▶ [What needs to be done] The full listing, copied exactly and free of pictures, is the expected reply.

======

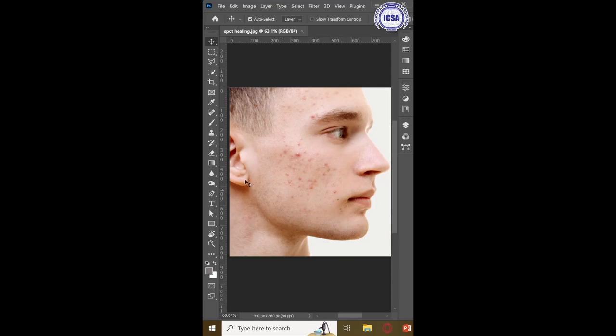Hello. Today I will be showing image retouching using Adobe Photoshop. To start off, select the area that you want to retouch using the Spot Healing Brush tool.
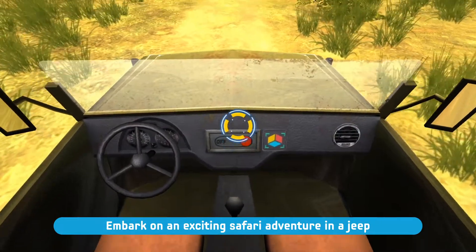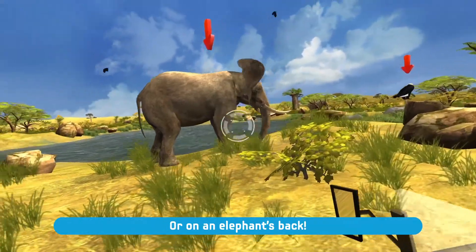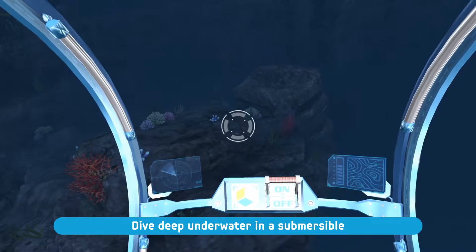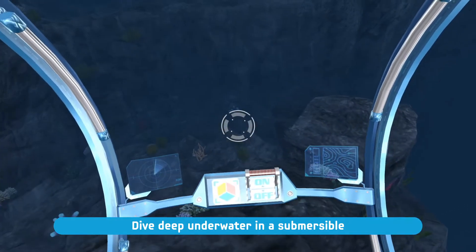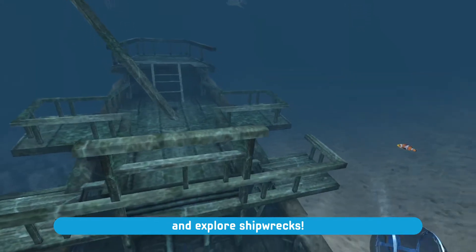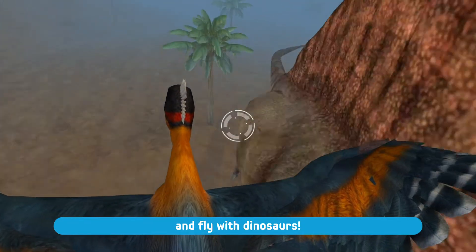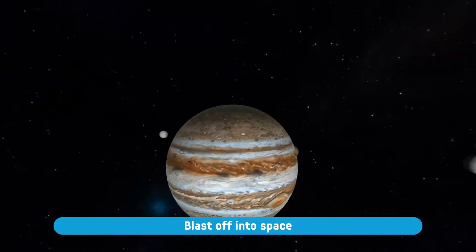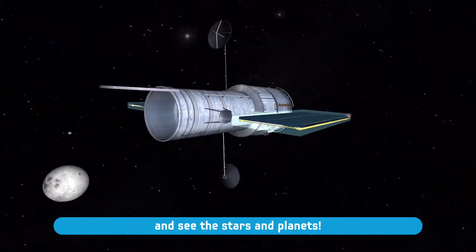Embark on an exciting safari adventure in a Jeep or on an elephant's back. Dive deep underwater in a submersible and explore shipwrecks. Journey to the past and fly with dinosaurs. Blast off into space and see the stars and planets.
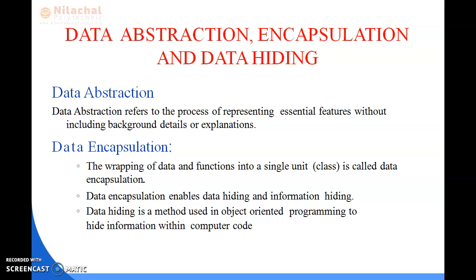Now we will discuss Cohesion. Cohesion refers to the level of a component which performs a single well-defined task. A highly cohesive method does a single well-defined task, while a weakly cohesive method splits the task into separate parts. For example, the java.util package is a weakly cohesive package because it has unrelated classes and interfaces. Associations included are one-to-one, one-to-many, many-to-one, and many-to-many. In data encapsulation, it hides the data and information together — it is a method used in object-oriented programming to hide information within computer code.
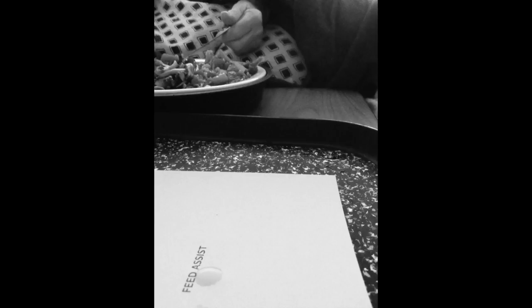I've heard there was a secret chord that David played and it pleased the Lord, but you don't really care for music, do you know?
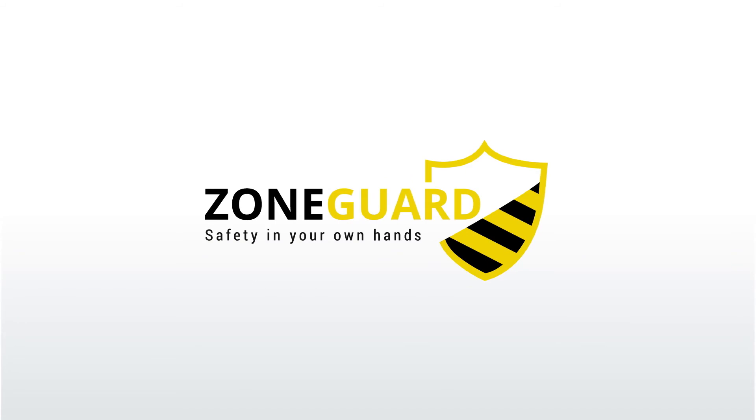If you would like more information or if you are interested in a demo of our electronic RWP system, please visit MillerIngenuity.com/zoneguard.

======

▶ [Completed task]
Hello. Today I will be showing image retouching using Adobe Photoshop. To start off, select the area that you want to retouch using the Spot Healing Brush tool.
Embark on an exciting safari adventure in a Jeep or on an elephant's back. Dive deep underwater in a submersible and explore shipwrecks. Journey to the past and fly with dinosaurs. Blast off into space and see the stars and planets.
Now we will discuss Cohesion. Cohesion refers to the level of a component which performs a single well-defined task. A highly cohesive method does a single well-defined task, while a weakly cohesive method splits the task into separate parts. For example, the java.util package is a weakly cohesive package because it has unrelated classes and interfaces. Associations included are one-to-one, one-to-many, many-to-one, and many-to-many. In data encapsulation, it hides the data and information together — it is a method used in object-oriented programming to hide information within computer code.
I've heard there was a secret chord that David played and it pleased the Lord, but you don't really care for music, do you know?
If you would like more information or if you are interested in a demo of our electronic RWP system, please visit MillerIngenuity.com/zoneguard.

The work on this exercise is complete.